Your task: Write out all the data verbatim. Skip images.

Source data:
***
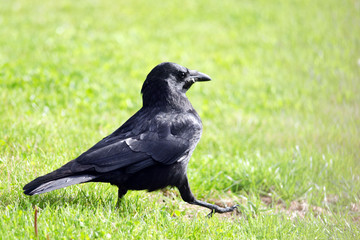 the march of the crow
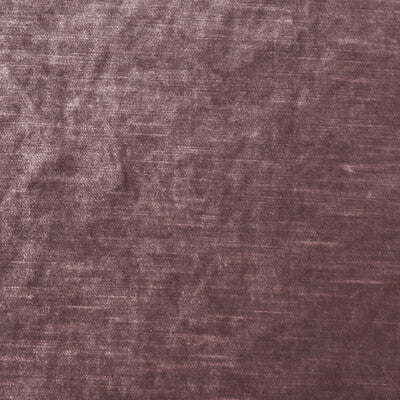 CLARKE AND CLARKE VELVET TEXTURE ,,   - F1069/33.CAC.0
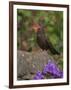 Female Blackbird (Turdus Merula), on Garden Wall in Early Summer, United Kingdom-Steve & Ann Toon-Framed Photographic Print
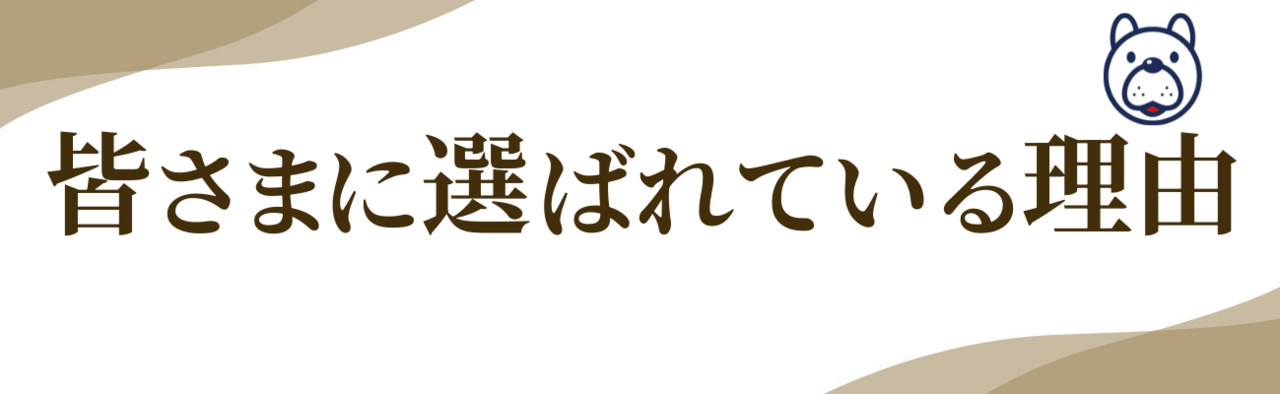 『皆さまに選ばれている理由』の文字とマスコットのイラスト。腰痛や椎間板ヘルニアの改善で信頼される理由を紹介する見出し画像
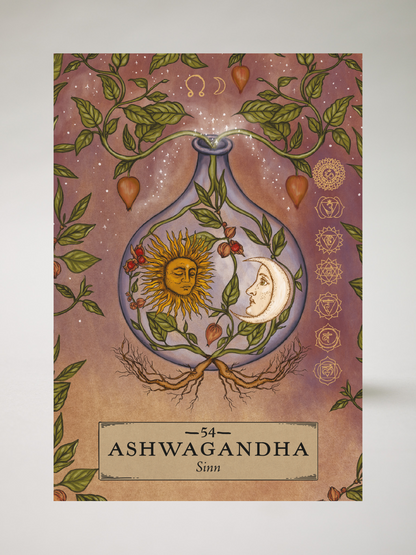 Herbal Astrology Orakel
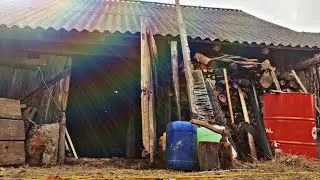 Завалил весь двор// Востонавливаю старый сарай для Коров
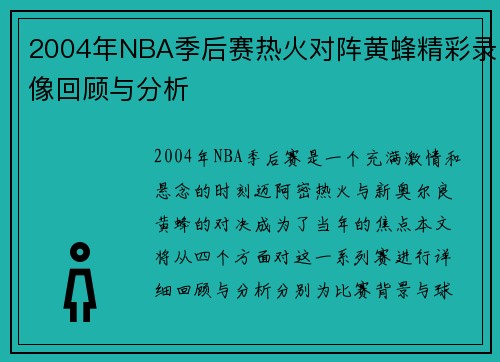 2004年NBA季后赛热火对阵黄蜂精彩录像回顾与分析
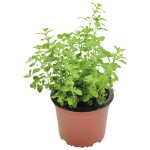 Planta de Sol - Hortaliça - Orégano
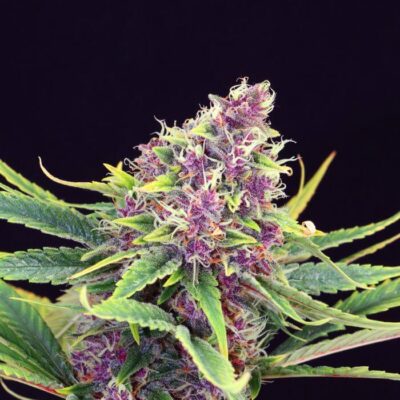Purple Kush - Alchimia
***
Result below:
 the march of the crow
 CLARKE AND CLARKE VELVET TEXTURE ,,   - F1069/33.CAC.0
 Female Blackbird (Turdus Merula), on Garden Wall in Early Summer, United Kingdom-Steve & Ann Toon-Framed Photographic Print
 『皆さまに選ばれている理由』の文字とマスコットのイラスト。腰痛や椎間板ヘルニアの改善で信頼される理由を紹介する見出し画像
 Herbal Astrology Orakel
 Завалил весь двор// Востонавливаю старый сарай для Коров
 2004年NBA季后赛热火对阵黄蜂精彩录像回顾与分析
 Planta de Sol - Hortaliça - Orégano
Purple Kush - Alchimia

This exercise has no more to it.